Jenny would pick flight over fight any day; but she would sure as hell pick fight over fright. She didn't like to be left vulnerable, and Jethro made her feel vulnerable. He made her want to kiss him and punch him in the mouth at the same time. Either way he never failed to evoke some sort of passionate response from her; and that scared her. She felt like he had taken her heart without ever consulting her and now he was holding it hostage. She had been careful never to let any man ever have that power over her, but Jethro-Jethro had blindsided her. She had always found him attractive; but she had never expected to feel anything more for him than a tingling below the belt. She hadn't expected him to get into her head and under her skin. She hadn't expected him to do that and then manage to brush her off like a piece of lint on his pants in any encounter other than in the bedroom.

"You should," he growled.

"I guess we're at a crossroads then," she whispered. "What would you do, Jethro, if you woke up tomorrow morning and I was gone?"

"You planning to leave?" he asked, staring hard into her green eyes.

"I'm asking you a question," she shot back, her emerald orbs boring back into his blue eyes. "What would you do? And don't you dare tell me 'not now'."

"Come after you," he answered without hesitation; and that would have convinced her; but Rene Benoit had found her that night and if she wanted Rene Benoit that meant leaving Jethro. He may as well have considered her gone then because Jenny wanted Rene Benoit.

"Do you promise?" she asked; and Jethro smirked, not knowing the implications behind her words.

"Yeah, Jen."

So now, she sat on a plane to Tel Aviv, knowing Jethro would soon find her coat and the letter in the pocket. She stared out of the window as the engine whirred to life and hot tears blurred her last vision of Paris at dusk as the wheels lifted off of the ground. She exhaled a shaky breath as those tears spilled over her cheeks; and she rested her head against the window as the sun rose over the horizon, turning the rain drops on her window into diamonds. She cried because she realized she had made a terrible mistake; and she cried longer because she knew it was too late to fix it.

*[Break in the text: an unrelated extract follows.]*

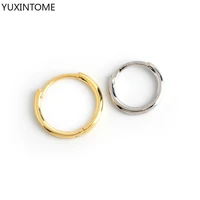 classic 925 sterling silver ear buckle for women trendy smooth small large circle hoop earrings punk hip hop jewelry accessories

Meanwhile, Jethro sat on the plane she was supposed to be on with her coat in the seat next to him-Jenny's seat. He was angry and bitter because she hadn't had the decency to face him when she said good-bye; but he was angrier because she still managed to make him want to go find her. He snatched up the simple white parchment, glancing at her elegant scrawl written in black ink, marred by a few tears here and there, more toward the end.

Dear Jethro,

I did love you, I still do; but there's no need to drag this on. We're both married to the job. I guess I never should have expected anything more than what it was, but I did. That's my fault though. Someday soon you'll forget about me, or maybe you'll hate me. I don't know. I do know that eventually I'll just be another redhead in the lineup. I'll be nothing more than a memory, a part of your past. You once promised me if I ran you would come after me. Don't. Give it time and I'll just be a smile in an old photograph. Consider me gone, forget I was ever a part of your life; just don't come after me. Don't try to find me. This is for the best. I have to do what's best for me. No matter what happens we'll always have Paris.

Jenny

He wanted to hate her. He wanted her to hurt like he hurt right now, but if the tears on the paper were any indication, she already was. She had been hurting. He had hurt her. She had told him not to come after her; but her forewarnings had never stopped him from doing anything before. He didn't want her to turn into just another woman in some forgotten photograph. He wanted new pictures. He wanted wedding pictures. He even wanted baby pictures; but it was too late for that now. She was gone; and he realized he should have considered her so two weeks ago. She had been off since then; and he should have seen this coming. He should have, but he didn't.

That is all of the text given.